- What this task involves
Within the records below is a range that opens at the line with "청년이 스마트폰과 통장을 보며 저축을 계획하는 모습 – 안정된 분위기" and closes at the line with "Jack Russell Terrier". Return that range word for word, both ends included, and only that range.
-*-*-
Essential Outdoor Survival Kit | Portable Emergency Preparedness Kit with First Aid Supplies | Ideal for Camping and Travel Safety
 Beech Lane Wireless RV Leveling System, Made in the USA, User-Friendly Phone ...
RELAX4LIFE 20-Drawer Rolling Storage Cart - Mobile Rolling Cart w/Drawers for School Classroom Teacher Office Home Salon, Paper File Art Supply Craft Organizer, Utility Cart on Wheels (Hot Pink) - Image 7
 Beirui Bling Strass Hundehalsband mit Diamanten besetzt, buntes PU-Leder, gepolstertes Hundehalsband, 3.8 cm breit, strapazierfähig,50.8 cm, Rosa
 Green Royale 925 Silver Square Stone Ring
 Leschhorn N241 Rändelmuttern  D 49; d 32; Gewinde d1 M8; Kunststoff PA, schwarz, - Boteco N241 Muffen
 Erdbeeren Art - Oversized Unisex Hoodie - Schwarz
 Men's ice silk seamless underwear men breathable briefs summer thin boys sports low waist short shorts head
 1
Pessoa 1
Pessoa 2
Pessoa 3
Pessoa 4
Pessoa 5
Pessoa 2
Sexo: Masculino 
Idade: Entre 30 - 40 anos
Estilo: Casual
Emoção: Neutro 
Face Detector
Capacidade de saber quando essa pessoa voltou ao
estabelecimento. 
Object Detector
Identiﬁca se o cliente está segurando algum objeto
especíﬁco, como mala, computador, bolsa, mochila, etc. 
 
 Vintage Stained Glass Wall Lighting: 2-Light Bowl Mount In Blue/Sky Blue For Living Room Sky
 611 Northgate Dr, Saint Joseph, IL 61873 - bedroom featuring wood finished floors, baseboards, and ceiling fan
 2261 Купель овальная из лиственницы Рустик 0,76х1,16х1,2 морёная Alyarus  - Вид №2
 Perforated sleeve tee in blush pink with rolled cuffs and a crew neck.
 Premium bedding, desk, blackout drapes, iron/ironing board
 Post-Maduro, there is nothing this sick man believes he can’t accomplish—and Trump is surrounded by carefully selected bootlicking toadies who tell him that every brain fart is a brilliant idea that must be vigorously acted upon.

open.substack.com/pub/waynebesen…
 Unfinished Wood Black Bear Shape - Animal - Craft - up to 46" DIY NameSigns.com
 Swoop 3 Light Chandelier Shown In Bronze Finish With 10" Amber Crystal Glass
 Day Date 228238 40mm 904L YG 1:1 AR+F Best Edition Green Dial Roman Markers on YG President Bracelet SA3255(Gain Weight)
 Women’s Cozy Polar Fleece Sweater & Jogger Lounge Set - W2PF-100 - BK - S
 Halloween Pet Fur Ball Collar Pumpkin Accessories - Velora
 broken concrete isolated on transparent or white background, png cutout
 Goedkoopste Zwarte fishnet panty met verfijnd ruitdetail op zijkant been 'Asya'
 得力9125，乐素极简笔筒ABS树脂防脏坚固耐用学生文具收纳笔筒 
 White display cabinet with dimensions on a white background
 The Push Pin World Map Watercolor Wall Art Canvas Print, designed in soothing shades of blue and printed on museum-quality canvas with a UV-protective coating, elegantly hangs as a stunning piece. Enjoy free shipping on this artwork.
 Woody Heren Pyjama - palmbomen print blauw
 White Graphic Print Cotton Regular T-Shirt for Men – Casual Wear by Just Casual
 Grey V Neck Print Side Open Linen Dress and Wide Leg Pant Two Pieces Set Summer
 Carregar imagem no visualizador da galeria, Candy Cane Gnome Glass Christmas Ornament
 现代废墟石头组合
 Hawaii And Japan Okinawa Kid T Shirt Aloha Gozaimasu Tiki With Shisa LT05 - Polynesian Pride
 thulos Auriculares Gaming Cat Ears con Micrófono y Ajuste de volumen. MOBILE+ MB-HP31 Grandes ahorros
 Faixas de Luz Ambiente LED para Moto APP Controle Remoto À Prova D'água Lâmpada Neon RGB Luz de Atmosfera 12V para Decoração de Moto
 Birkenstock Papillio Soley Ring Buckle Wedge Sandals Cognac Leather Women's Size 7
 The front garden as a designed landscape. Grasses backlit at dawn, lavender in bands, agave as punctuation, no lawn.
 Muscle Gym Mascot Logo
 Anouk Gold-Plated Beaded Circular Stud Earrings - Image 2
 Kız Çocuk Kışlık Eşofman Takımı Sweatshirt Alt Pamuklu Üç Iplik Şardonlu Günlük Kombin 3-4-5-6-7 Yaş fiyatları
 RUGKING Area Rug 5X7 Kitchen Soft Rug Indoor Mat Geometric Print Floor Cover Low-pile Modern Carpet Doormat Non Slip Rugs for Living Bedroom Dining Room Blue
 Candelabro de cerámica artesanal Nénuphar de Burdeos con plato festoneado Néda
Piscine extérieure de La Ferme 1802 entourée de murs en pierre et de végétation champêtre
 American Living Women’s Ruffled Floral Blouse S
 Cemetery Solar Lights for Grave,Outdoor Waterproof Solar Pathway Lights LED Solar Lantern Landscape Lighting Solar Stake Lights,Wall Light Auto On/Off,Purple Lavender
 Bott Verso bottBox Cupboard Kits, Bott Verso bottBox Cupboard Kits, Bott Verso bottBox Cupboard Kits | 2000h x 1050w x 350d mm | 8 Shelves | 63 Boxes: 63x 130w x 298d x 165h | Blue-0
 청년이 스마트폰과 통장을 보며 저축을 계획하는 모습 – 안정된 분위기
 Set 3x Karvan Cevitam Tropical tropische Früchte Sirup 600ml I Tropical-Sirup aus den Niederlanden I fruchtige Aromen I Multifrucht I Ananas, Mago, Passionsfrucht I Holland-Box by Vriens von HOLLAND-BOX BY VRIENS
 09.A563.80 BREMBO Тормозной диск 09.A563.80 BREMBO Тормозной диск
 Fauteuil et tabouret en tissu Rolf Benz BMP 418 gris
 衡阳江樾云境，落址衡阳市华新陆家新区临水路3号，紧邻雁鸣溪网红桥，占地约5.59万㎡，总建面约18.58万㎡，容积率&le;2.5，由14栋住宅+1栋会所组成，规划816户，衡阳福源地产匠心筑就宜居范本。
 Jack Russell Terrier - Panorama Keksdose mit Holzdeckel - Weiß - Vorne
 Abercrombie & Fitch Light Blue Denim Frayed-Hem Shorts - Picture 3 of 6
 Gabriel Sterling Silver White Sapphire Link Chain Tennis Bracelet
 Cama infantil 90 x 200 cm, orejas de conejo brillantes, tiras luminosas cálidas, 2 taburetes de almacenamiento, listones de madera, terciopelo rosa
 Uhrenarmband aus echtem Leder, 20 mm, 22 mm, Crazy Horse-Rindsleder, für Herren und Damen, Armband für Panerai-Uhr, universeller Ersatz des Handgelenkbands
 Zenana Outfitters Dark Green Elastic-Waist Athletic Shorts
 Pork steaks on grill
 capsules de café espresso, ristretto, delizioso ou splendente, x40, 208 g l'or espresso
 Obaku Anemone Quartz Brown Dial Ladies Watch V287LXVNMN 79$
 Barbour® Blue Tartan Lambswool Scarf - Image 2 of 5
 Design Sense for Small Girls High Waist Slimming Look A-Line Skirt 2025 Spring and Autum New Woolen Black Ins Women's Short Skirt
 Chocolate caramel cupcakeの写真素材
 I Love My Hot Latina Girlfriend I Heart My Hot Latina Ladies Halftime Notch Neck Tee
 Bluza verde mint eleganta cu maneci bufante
-*-*-
- Completed task
 청년이 스마트폰과 통장을 보며 저축을 계획하는 모습 – 안정된 분위기
 Set 3x Karvan Cevitam Tropical tropische Früchte Sirup 600ml I Tropical-Sirup aus den Niederlanden I fruchtige Aromen I Multifrucht I Ananas, Mago, Passionsfrucht I Holland-Box by Vriens von HOLLAND-BOX BY VRIENS
 09.A563.80 BREMBO Тормозной диск 09.A563.80 BREMBO Тормозной диск
 Fauteuil et tabouret en tissu Rolf Benz BMP 418 gris
 衡阳江樾云境，落址衡阳市华新陆家新区临水路3号，紧邻雁鸣溪网红桥，占地约5.59万㎡，总建面约18.58万㎡，容积率&le;2.5，由14栋住宅+1栋会所组成，规划816户，衡阳福源地产匠心筑就宜居范本。
 Jack Russell Terrier - Panorama Keksdose mit Holzdeckel - Weiß - Vorne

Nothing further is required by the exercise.